I've been thinking a bit about my scanning workflow. It was prompted by this excellent episode of the Technical Difficulties podcast. On that show, Gabe discussed how he's careful about now not scanning anything to a cloud service that has confidential information such as account numbers, social security numbers, etc. There was later discussion on as to whether the process of redacting this information from scans could be automated.

It can - thanks to my good friends at Smile. For several versions now, PDFpen has had the ability to search a file for a string of text and redact that text. However, this functionality was not accessible via AppleScript. I begged with them to make it so. They came through in PDFpen version 6.
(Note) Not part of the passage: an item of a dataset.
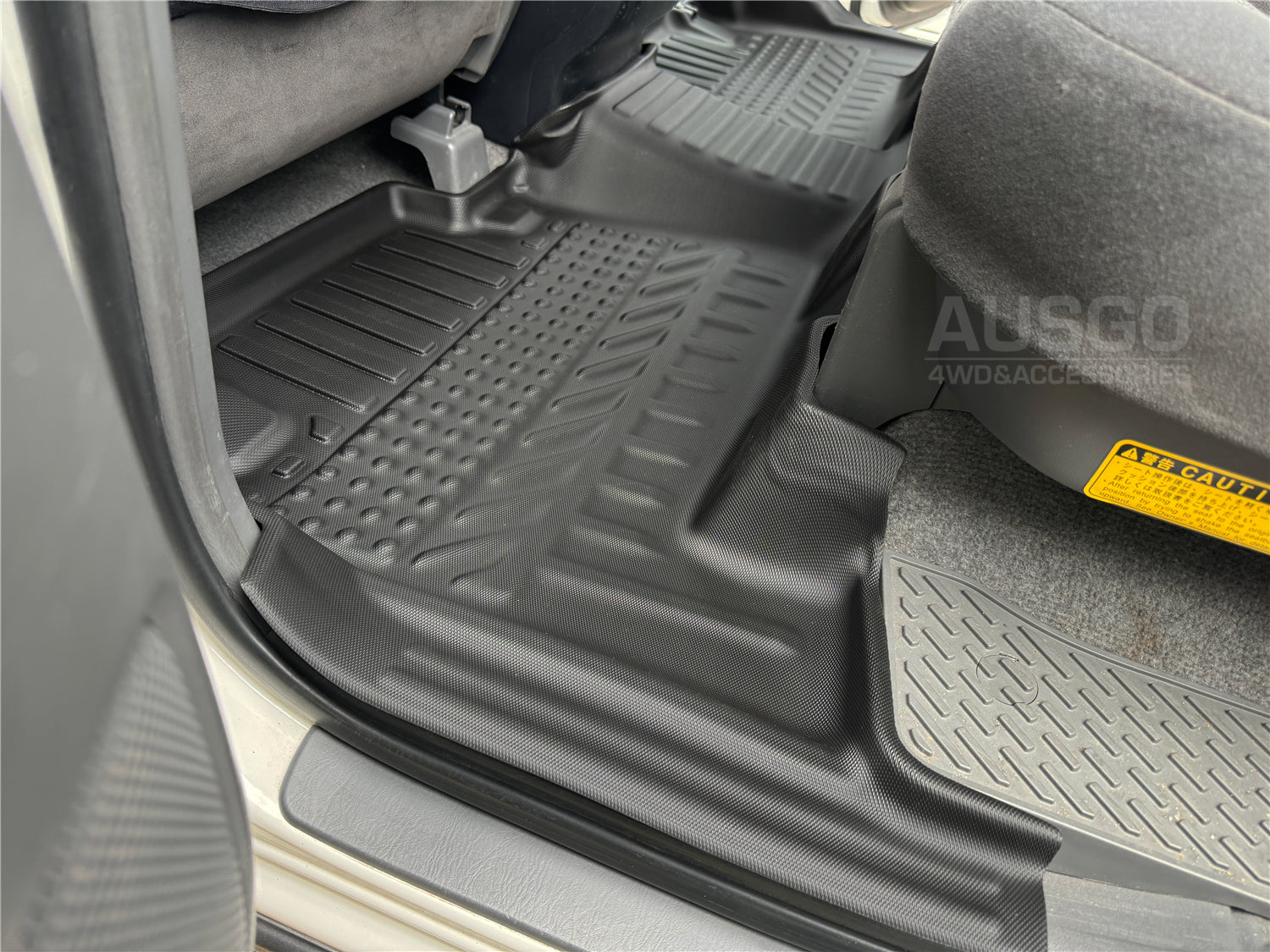 5D Car Floor Mats for Toyota Landcruiser Prado 120 Auto Transmission 2003-2009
Here's A script created by Greg Scown, the co-founder of Smile and modified (slightly) by me. I use this in combination with Hazel to search a PDF document for string of texts. Before I give you the script, a couple of warnings:

  1. The searching only works if the document has been OCR'ed. Otherwise there's no information for it to read. If documents aren't OCR'ed by your scanner, you may want to OCR the documents with PDFpen before performing the search

  2. Be aware that confidential information comes in different variations. For example, soemtimes my social security number will be on a document as "123456789" and other times it will be "123-45-6789" or sometimes it will be "123 45 6789" so look for this and redact accordingly.

  3. Unfortunately, PDFpen doesn't support a string of searches to allow you to redact multiple items with a single script. To get around this, I'll modify and repeat this AppleScript within the same Hazel Rule as necessary to make sure I cover all variations of the data to be redacted.

  4. Once redacted, the information is gone. So if you would ever need the document with the confidential information in tact, you should save a copy elsewhere before performing redaction.

  5. Most importantly - automated redaction isn't perfect. So make sure you review your documents before you send off any sensitive information.

Here's the AppleScript I use in Hazel:

tell application "PDFpenPro 6"
open theFile as alias
tell document 1
search string "ENTER TEXT HERE"
repeat while performing search
delay 0.1
end repeat
redact with block
repeat while performing redaction
delay 0.1
end repeat
delay 1
close with saving
end tell
tell application "PDFpenPro 6"
quit
end tell
end tell